Despite the benefits derived from playing for both children and parents, time for free play has been markedly reduced for some children. There is a growing body of research that shows a link between play and the development of cognitive and social skills that are prerequisites for learning more complex concepts as children get older. For example, play is linked to growth in memory, self-regulation, oral language, and recognizing symbols. It has been linked to higher levels of school adjustment and increased social development. Play has also been linked to increased literacy skills and other areas of academic learning (a view held by Piagetian and Vygotsky theories of child development).
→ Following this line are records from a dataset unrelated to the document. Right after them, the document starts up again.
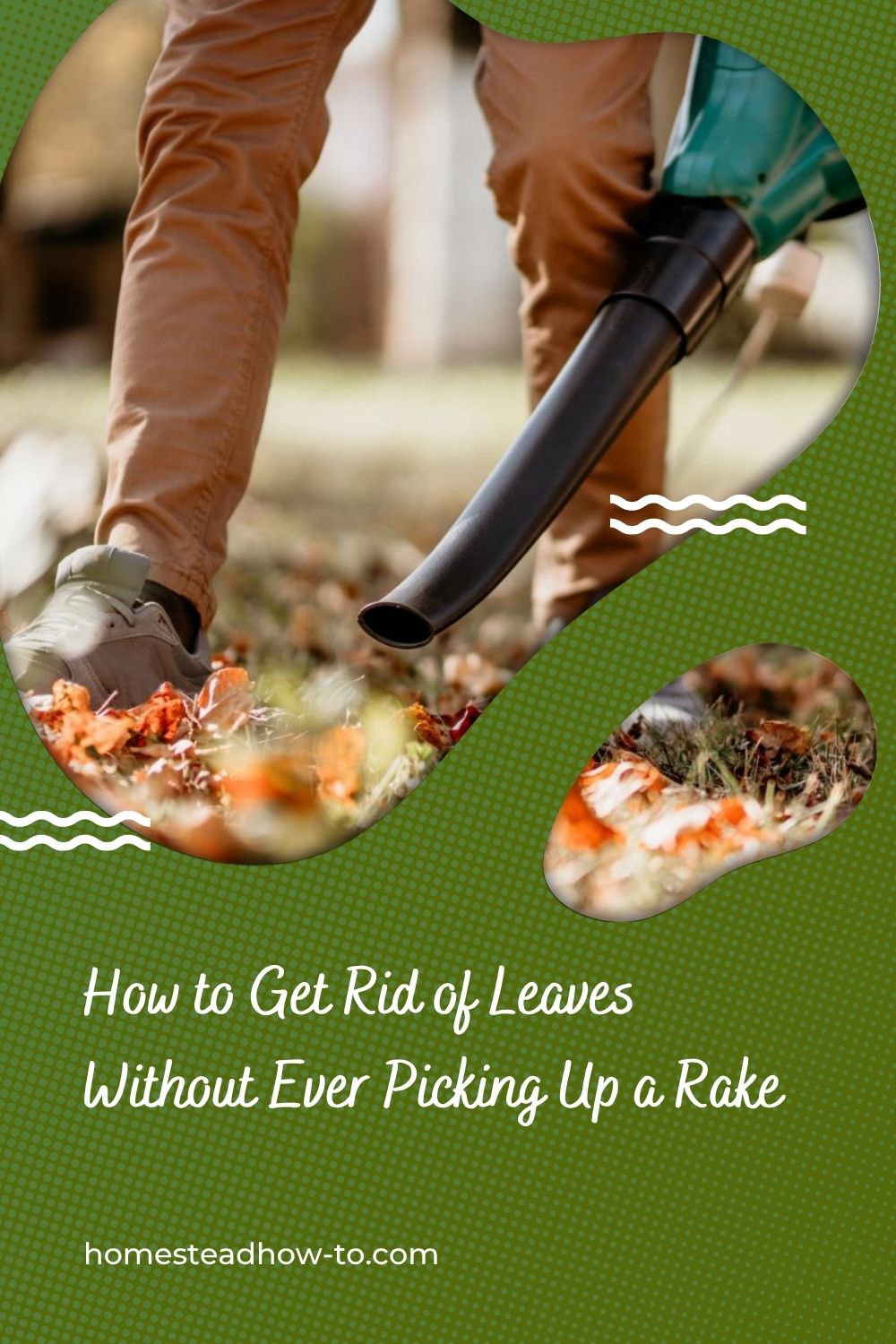 Fallen Rid How To Clean Up Fallen Autumn Leaves From Your Yard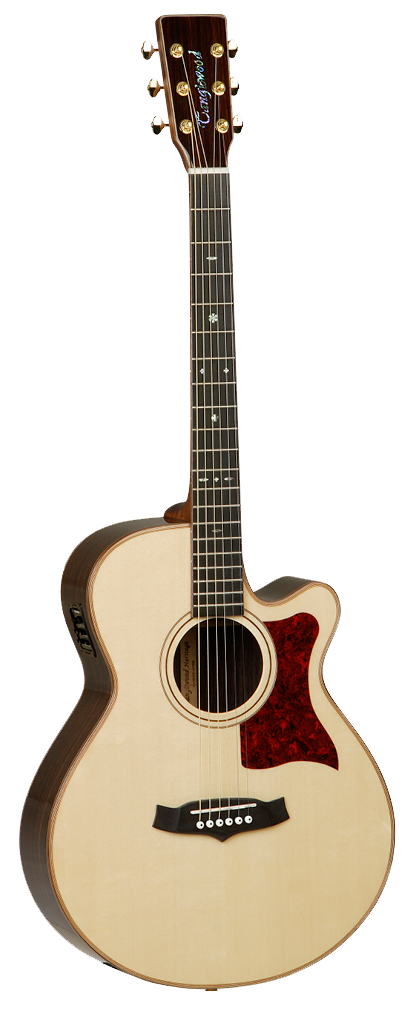 GUITARRA ACÚSTICA TANGLEWOOD SUPER FOLK CON CUTAWAY TW45HSRE 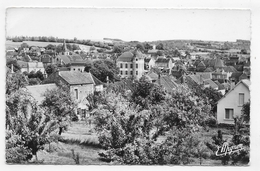 COURSON LES CARRIERES - N° 8278 - PANORAMA - Photo Ed. E. MIGNON - FORMAT CPA NON VOYAGEE - Courson-les-Carrières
Play is especially beneficial to children’s learning when it reaches a certain degree of sophistication. In other words, “unproductive” play happens not only when children fight and argue over who is going to be the “mommy” and who is going to be the “baby,” but also when the child who is “mommy” keeps performing the same routines with her “baby” day after day with no change. By contrast, play that has a potential for fostering many areas of young children’s development, including social and cognitive development, has the following characteristics:
1) Children create a pretend scenario by negotiating and talking to peers and use props in a symbolic way; and 2) Children create specific roles-and rules-for pretend behavior and adopt multiple themes and multiple roles.
When children engage in this kind of play for most of their early years, they learn to delay gratification and to prioritize their goals and actions. They also learn to consider the perspectives and needs of other people. They learn to represent things symbolically and to regulate their behaviors and act in a deliberate, intentional way.
Play allows children to use their creativity while developing their imagination, dexterity, and physical, cognitive, and emotional strength.
it is important to healthy brain development. It is through play that children at a very early age engage and interact in the world around them.
Play allows children to create and explore a world they can master, conquering their fears while practicing adult roles, sometimes in conjunction with other children or adult caregivers as they master their world.
It helps children develop new competencies that lead to enhanced confidence and the resiliency they will need to face future challenges.
Undirected play allows children to learn how to work in groups, to share, to negotiate, to resolve conflicts, and to learn self-advocacy skills.
When play is allowed to be child driven, children practice decision-making skills, move at their own pace, discover their own areas of interest, and ultimately engage fully in the passions they wish to pursue.
Ideally, much of play involves adults, but when play is controlled by adults, children acquiesce to adult rules and concerns and lose some of the benefits play offers them, particularly in developing creativity, leadership, and group skills.
In contrast to passive entertainment, it builds active, healthy bodies. In fact, it has been suggested that encouraging unstructured play may be an exceptional way to increase physical activity levels in children, which is one important strategy in the resolution of the obesity epidemic. Perhaps above all, play is a simple joy that is a cherished part of childhood.
Children’s developmental trajectory is critically mediated by appropriate, affective relationships with loving and consistent caregivers as they relate to children through play. When parents observe their children playing or join with them in child-driven play, they are given a unique opportunity to see the world from their child’s vantage point as the child navigates a world perfectly created just to fit his or her needs. (The word “parent” is used in this report to represent the wide range of adult caregivers who raise children.) The interactions that occur through playing tell children that parents are fully paying attention to them and help to build enduring relationships. Parents who have the opportunity to glimpse into their children’s world learn to communicate more effectively with their children and are given another setting to offer gentle, nurturing guidance. Less verbal children may be able to express their views, experiences, and even frustrations through play, allowing their parents an opportunity to gain a fuller understanding of their perspective. Quite simply, play offers parents a wonderful opportunity to engage fully with their children.
Play is integral to the academic environment. It ensures that the school setting attends to the social and emotional development of children as well as their cognitive development. It has been shown to help children adjust to the school setting and even to enhance children’s learning readiness, learning behaviors, and problem-solving skills. Social-emotional learning is best integrated with academic learning; it is concerning if some of the forces that enhance children’s ability to learn are elevated at the expense of others. Play and unscheduled time that allow for peer interactions are important components of social-emotional learning.